Dataset section: Begin

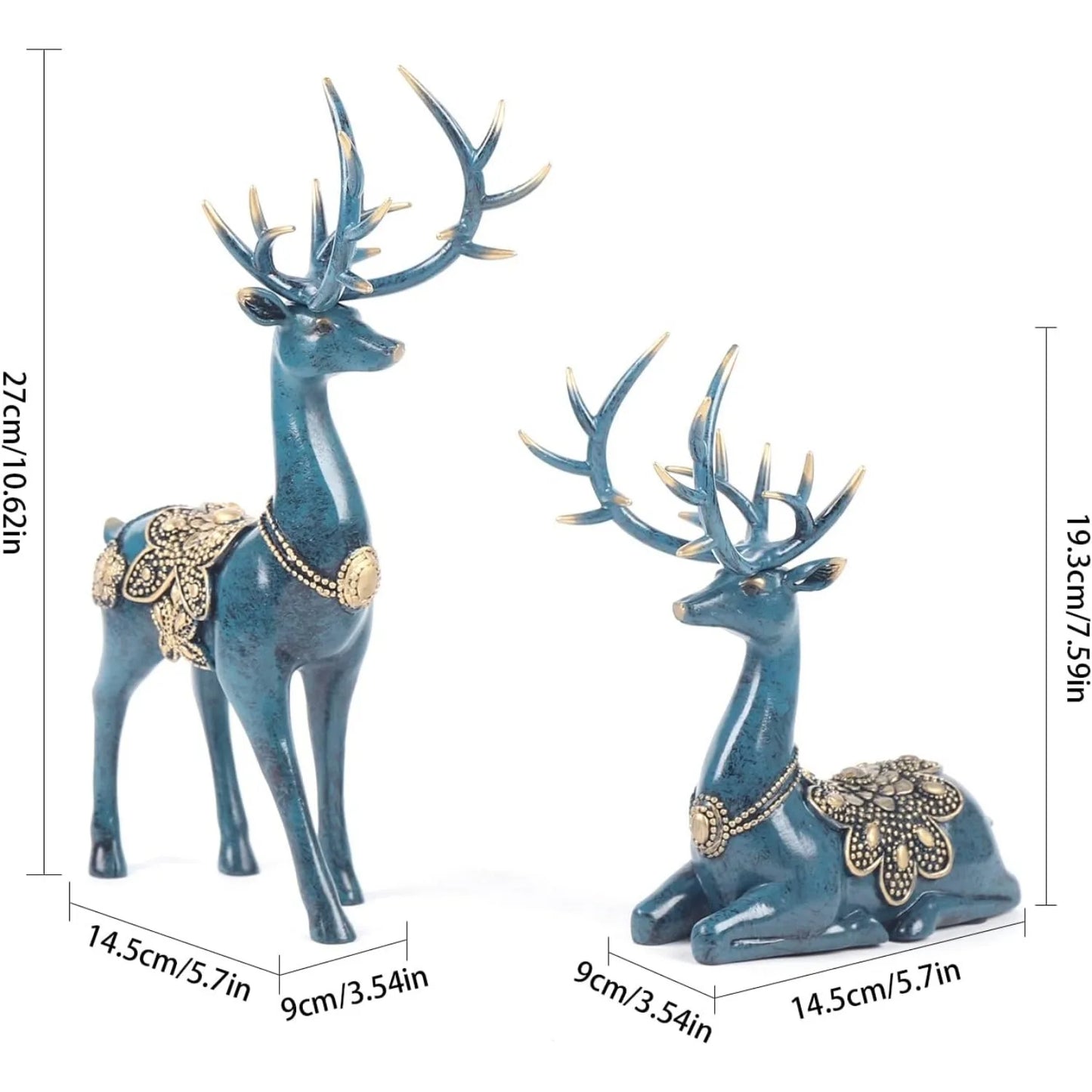 2Pcs Christmas Reindeer Figurines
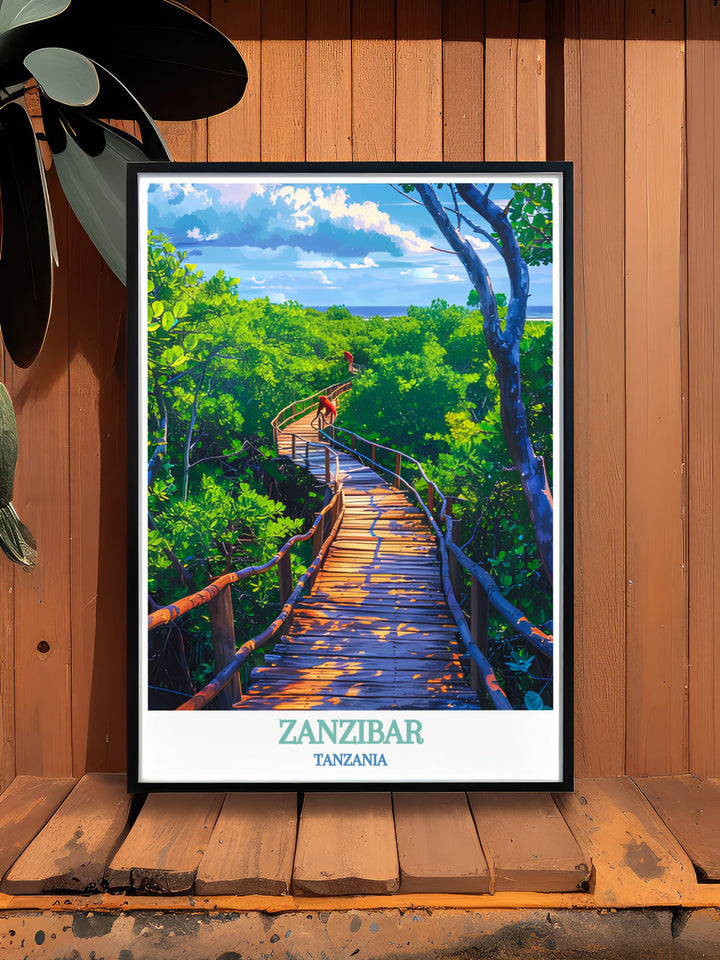 Captivating Jozani Forest decor highlighting the serene and picturesque views of Zanzibars forest an excellent choice for creating a tranquil and inviting atmosphere in your home with beautiful prints that everyone will admire.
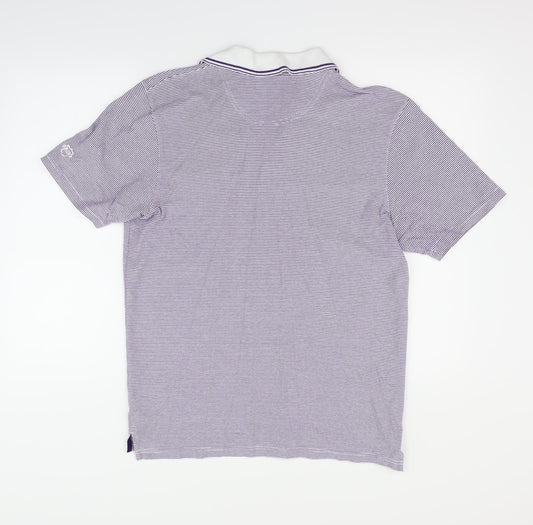 Maine Womens Blue Striped  Basic Polo Size M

Dataset section: End

Task requirements. Return the lines above exactly; the images are not part of the copy.

Task response.
 2Pcs Christmas Reindeer Figurines
 Captivating Jozani Forest decor highlighting the serene and picturesque views of Zanzibars forest an excellent choice for creating a tranquil and inviting atmosphere in your home with beautiful prints that everyone will admire.
 Maine Womens Blue Striped  Basic Polo Size M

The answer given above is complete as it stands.